Description:
Short Description :-
The Platform Scripting Engineer supports the H100 platform team by developing and maintaining automation scripts, CI/CD workflows, and operational tooling. This role focuses on translating infrastructure requirements into reliable, repeatable scripts and pipelines that the team uses for day-to-day operations, runner management, and platform maintenance. Kubernetes is required.
Key Responsibilites :-
- Develop and maintain Bash and Python scripts for infrastructure provisioning, validation, and operational tasks.
- Build and maintain GitHub Actions workflows for CI/CD pipelines (Terraform validation, KCC manifest checks, container builds).
- Create and update runner image build pipelines for Linux, Windows, Android, and iOS self-hosted runners.
- Automate Google Cloud Platform Secret Manager operations: secret creation, rotation, access policy management.
- Build scripts for GKE operational tasks: node pool scaling, cluster upgrades, Config Sync status checks, log collection.
- Develop JFrog Artifactory automation: artifact promotion, cleanup policies, repository management.
- Create monitoring scripts: health checks, resource utilization reports, cost analysis.
- Maintain and extend Kustomize overlays and KCC YAML manifests under guidance of senior engineers.
- Write unit tests and validation checks for all scripts and automation.
- Document scripts with usage guides, examples, and troubleshooting steps.
- Support incident response with diagnostic scripts and log analysis tools.
Required Skills & Qualification''s :-
- 5+ years in platform/infrastructure scripting and automation.
- Strong Bash scripting: functions, error handling, logging, idempotent operations.
- Python scripting for API integrations, data processing, and tooling.
- PowerShell for Windows automation tasks.

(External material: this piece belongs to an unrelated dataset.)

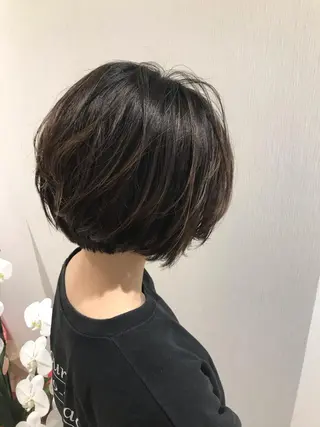 ミディアム ショート＆ボブ ヒロシのヘアスタイル
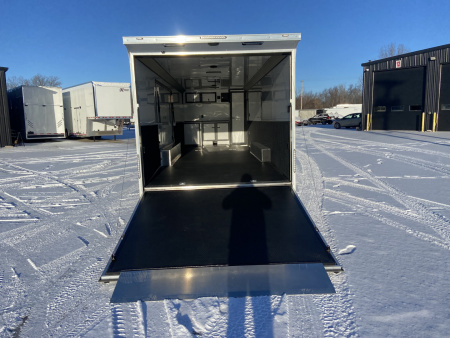 New United Trailers PREM 8.5X28 Racing Trailer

- GitHub Actions workflow authoring and debugging.
- Familiarity with Google Cloud Platform CLI tools (gcloud, gsutil, kubectl).
- Basic Terraform understanding (reading and modifying HCL, running plan/apply).
- YAML proficiency (Kubernetes manifests, Kustomize, GitHub Actions workflows).
- Linux systems administration (file systems, networking, process management, systemd).
- Git workflows: branching strategies, PR reviews, conventional commits.
Preferred /Nice to Have Skill''s :-
- Experience with GKE and Kubernetes (kubectl, pods, deployments, services).
- Familiarity with JFrog Artifactory or Nexus.
- Experience building Docker images and container workflows.
- Familiarity with OPA/Rego for policy validation.
- Windows Server administration for runner image management.
Technology Stack:-
- Scripting: Bash, Python, PowerShell.
- CI/CD: GitHub Actions, JFrog Artifactory.
- Cloud: Google Cloud Platform (GKE, Compute, Secret Manager, IAM, Logging).
- Containers: Docker, GKE, ARC runners.
- IaC: Terraform (basic), Kustomize, YAML.
- OS: Linux (Ubuntu), Windows Server.